WASHINGTON — In the final employment report before Tuesday’s presidential election, the Labor Department reported that specialty stores shed jobs in October as department stores and general merchandisers boosted payrolls.
Apparel and accessories stores cut a seasonally adjusted 15,600 jobs from payrolls last month to employ 1.36 million, while department stores added 2,800 jobs to employ 1.32 million. General merchandisers, a category that includes department stores and discounters, added 9,800 jobs to employ 3.22 million.
In the broader retail category, employers cut 1,100 jobs to employ 15.9 million on a seasonally adjusted basis in October.
In the overall economy, employers added 161,000 jobs, as the overall unemployment rate ticked down to 4.9 percent in October from 5 percent in September.
The improving employment picture in the overall economy is likely to add further fuel to Democrats’ argument that the policies of the Obama administration should be continued and that, come Tuesday, Hillary Clinton should be elected president. Her rival Donald Trump, on the other hand, has tapped into an overall disaffection among white males without a college degree who believe the U.S. economy has left them behind. Trump’s appeal particularly resonates in the old Rust Belt states whose economies previously relied on heavy industry.
Apparel employers cut 1,800 seasonally adjusted jobs to employ 129,800, while employment at mills making apparel fabric and yarn remained unchanged at 112,200. Textile product mills shed 2,400 jobs to employ 114,300.
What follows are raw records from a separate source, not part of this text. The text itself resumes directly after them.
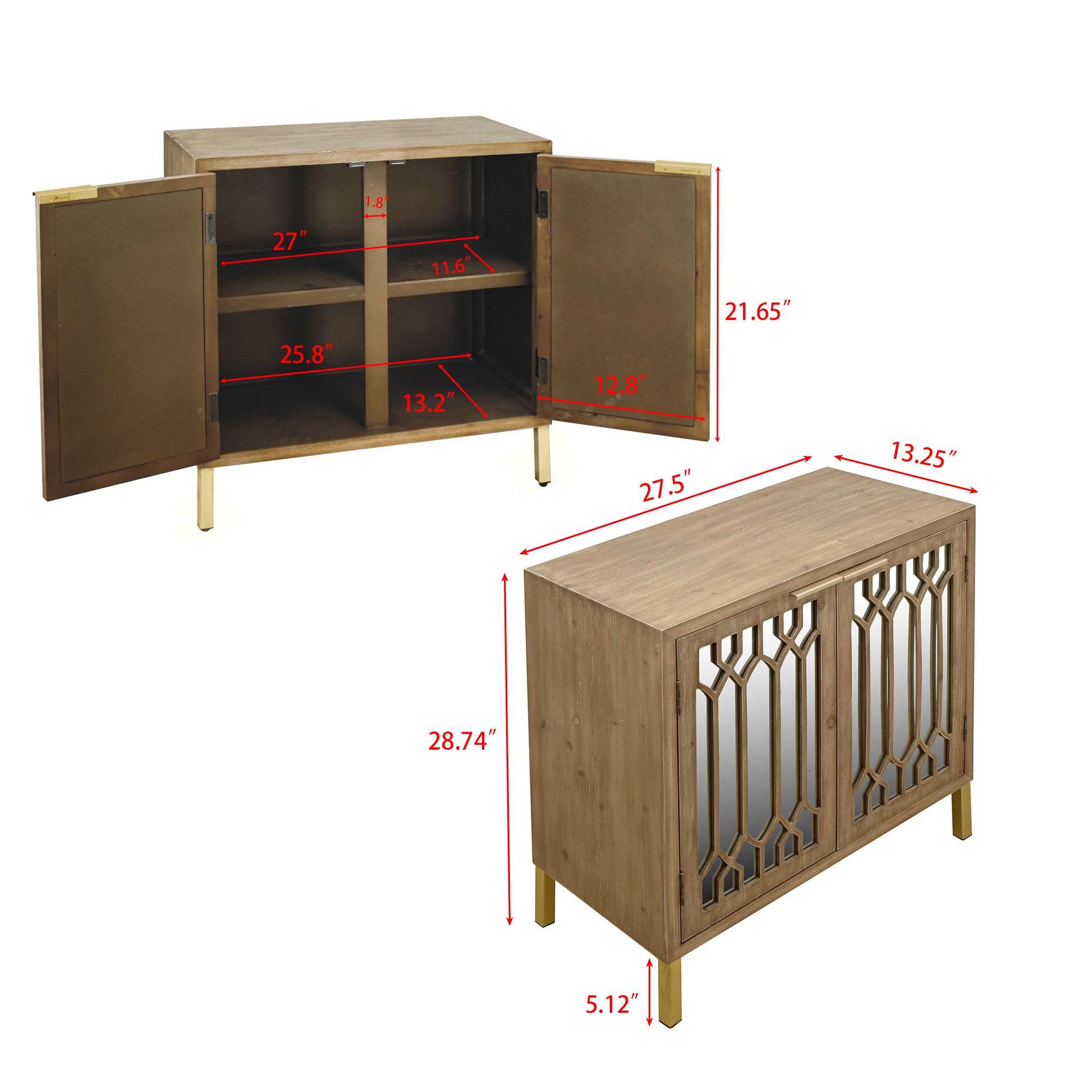29" Tall Wood 2-door Accent Cabinet in Natural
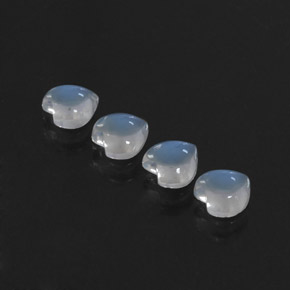 Pedras preciosas de pedra da lua arco-íris branco natural de  ct, formato de coração, transparente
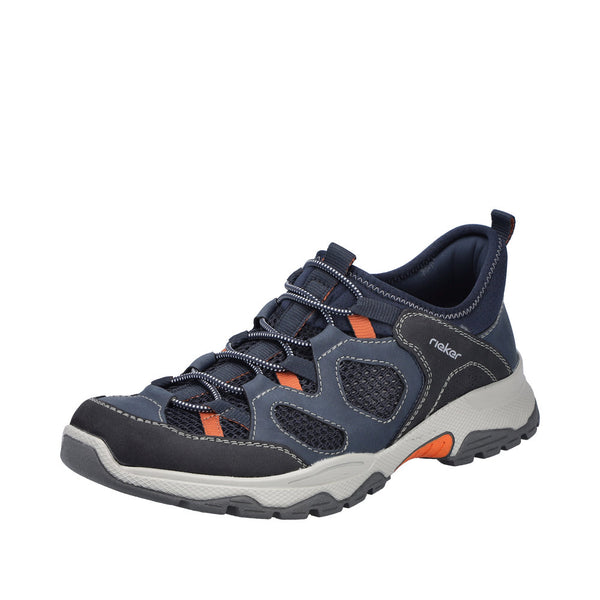 Rieker B8350-14 Mens Blue Textile Slip On Shoes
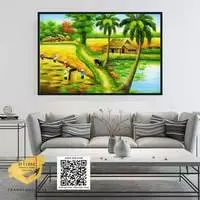 Tranh trang trí tinh tế Canvas Decor phòng khách Phong cảnh Làng quê Việt Nam 150*100 cm P/N: AZ1-0161-KN-CANVAS-150X100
Retailers have been facing other headwinds in the past several months.
“There is not a lot of pricing power right now and the second big thing has been the move of apparel sales online,” said Scott Hoyt, senior director of consumer economics at Moody’s Analytics, noting those factors have impacted employment at brick and mortar stores.
He also noted that retail sales have been weak, which weighs on hiring decisions. On a year-over-year basis through September, department store sales were down 6.4 percent, “one of the largest year-over-year declines we have seen in a while,” Hoyt said.
General merchandise stores posted a year-over-year decline of 2.5 percent in September, while sales at specialty stores were up 0.7 percent in September compared with a year ago. But Hoyt noted that specialty store sales have been down on a year-over-year basis in four of the last seven months in that sector.
Some economists said another underlying factor modestly impacting hiring practices has been the contentious presidential election.
“It is possible it has had a small effect on hiring in the aggregate. In a period of heightened uncertainty, businesses are sometimes less likely to spend and that includes spending on new employees,” Hoyt said. “The uncertainty should be lifted if Clinton wins but it could ratchet up if Trump wins.”
“Overall workforce employment gains in October were healthy but retail jobs dipped slightly, possibly reflecting retailers adjusting for the edgy political environment, extreme weather, and record-high average temperatures,” said Jack Kleinhenz, chief economist at the National Retail Federation. “However, the jump in hourly earnings is very encouraging for the consumer spending outlook as we kick off the holiday season.”
Despite the drop in retail employment, average hourly earnings rose 2.8 percent, the largest increase since mid-2009, he noted.
Nariman Behravesh, chief economist at IHS Markit, said the October employment report was “decent but slightly below the average of the past few months.”
Behravesh said the report “confirms” that real GDP is “on track” to grow in the 2 to 5 percent range in the next year, predicting monthly gains of approximately 170,000 jobs.
He warned that a recent uptick in productivity, however, could slow down employment growth.
“The really good news in the past couple of months has been the acceleration in wage inflation,” Behravesh said. “This means that the tightening in the labor market is finally beginning to benefit workers — and will support stable consumer spending growth. This gradual acceleration in wages can be expected to continue over the next couple of years.”
Taken together, job growth, accelerating wage inflation and other positive data on the U.S. economy means that the “likelihood of a Fed rate hike in December is now very high,” he added.